En ce qui concerne l’évaluation, nous ne retiendrons ici que l’entretien annuel d’évaluation. Ce type d’évaluation compte parmi les temps forts de la vie en entreprise. C’est en effet à cette occasion que l’entreprise renvoie au collaborateur une image de sa valeur par la voix du manager. On comprend que ce moment crucial soit lourd d’enjeux pour le manager comme pour les membres de son équipe. En effet, les difficultés ne sont pas négligeables ! Il s’agit donc d’évaluer le travail accompli ainsi que son auteur. Malheureusement le raffinement des grilles d’évaluation ne parvient pas, et ne peut parvenir, à dévoiler le travail réel. Ce faisant, on a tôt fait de confondre ce qui a été atteint, les objectifs, avec ce qui a été accompli pour le faire, soit, l’exercice même du travail. Mais ce passage par l’évaluation hérite d’une autre difficulté, elle aussi difficilement surmontable, au moins tant qu’on n’en prend pas conscience. Cette difficulté tient au fait que l’injonction faite aux uns et aux autres de travailler simultanément dans la coopération et la concurrence ne manque pas d’entraîner des conduites déloyales. Dans ces conditions, comment un outil censé produire sentiment de justice et d’équité pourrait-il parvenir à ses fins ? La question de savoir ce que l’on évalue réellement dans l’évaluation reste en suspens… Le management en exercice joue gros à ne pas prendre en compte ces réalités.

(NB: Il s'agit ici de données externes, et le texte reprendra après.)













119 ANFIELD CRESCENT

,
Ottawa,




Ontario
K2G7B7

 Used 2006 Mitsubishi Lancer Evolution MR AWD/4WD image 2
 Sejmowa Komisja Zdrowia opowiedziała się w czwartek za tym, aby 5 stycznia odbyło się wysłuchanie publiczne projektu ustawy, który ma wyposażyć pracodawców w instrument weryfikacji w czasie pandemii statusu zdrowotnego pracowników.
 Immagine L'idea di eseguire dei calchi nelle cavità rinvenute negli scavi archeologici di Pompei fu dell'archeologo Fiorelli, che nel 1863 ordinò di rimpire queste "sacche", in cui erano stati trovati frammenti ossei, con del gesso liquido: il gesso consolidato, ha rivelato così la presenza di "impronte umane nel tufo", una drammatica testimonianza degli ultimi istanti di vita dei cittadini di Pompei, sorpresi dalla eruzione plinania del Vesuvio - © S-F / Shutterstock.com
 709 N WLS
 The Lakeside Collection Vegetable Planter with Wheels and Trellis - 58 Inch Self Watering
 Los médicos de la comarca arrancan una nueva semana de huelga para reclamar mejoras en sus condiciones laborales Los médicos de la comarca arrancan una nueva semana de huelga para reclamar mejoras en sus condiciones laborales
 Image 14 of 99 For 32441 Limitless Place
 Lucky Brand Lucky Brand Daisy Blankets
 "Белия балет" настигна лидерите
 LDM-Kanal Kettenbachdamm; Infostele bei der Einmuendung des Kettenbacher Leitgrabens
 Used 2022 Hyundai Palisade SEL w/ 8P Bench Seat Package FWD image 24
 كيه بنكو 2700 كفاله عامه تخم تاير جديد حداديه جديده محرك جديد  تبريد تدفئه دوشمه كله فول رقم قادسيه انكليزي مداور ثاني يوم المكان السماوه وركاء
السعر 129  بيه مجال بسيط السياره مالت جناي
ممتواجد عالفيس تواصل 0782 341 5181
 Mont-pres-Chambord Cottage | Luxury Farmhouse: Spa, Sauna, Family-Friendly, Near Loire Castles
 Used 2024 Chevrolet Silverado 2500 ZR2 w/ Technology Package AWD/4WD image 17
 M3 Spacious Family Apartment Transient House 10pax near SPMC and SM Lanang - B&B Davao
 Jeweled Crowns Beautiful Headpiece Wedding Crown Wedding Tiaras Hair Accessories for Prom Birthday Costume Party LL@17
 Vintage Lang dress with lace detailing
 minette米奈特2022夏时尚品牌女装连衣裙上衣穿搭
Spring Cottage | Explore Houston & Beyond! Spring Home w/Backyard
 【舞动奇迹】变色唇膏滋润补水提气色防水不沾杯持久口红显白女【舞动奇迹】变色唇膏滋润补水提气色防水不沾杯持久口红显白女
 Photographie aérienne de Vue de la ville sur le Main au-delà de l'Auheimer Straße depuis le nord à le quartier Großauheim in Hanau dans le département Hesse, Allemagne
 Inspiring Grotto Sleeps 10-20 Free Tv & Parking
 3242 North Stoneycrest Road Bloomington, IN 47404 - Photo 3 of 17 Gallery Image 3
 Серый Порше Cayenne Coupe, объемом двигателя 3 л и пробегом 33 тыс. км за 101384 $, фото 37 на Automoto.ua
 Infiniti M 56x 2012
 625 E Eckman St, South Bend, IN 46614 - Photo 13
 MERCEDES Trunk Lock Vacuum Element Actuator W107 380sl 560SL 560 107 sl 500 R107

« Le tout est plus que la somme des parties ». Voilà pourquoi la recherche de l’efficacité du travail en équipe est en soi complexe. Là aussi, les préconisations apportées par nombre de consultants attestent d’un effort pour faire entrer coûte que coûte la réalité dans les outils. Les réalités (difficultés, obstacles, enjeux) propres au travail en équipe se trouvent pour ainsi dire pliées, et même niées, sans que des outils adaptés et ajustés à chaque situation ne soient proposés. Les recommandations pratiques relevant du bon sens, et qui pourraient maximiser le rendement du travail en équipe, viennent ainsi à manquer. La recherche de l’efficacité impose pourtant ici d’admettre que l’autorité ne se décrète pas, que l’acceptation par les uns de l’autorité des autres se gagne et se mérite, d’admettre aussi que chacun cherche à accroître ses zones de pouvoir (notamment par la rétention d’informations), de comprendre qu’il peut ne pas être aisé de faire travailler ensemble des individus issus d’horizons salariaux et sociaux différents, de comprendre que les mots peuvent ne pas avoir le même sens pour chaque individu, et que chacun, en des proportions et pour des raisons différentes, ajuste la réalité à ses désirs, etc. Ici aussi, l’impasse faite sur ces réalités risque de conduire à l’opposé de l’effet recherché.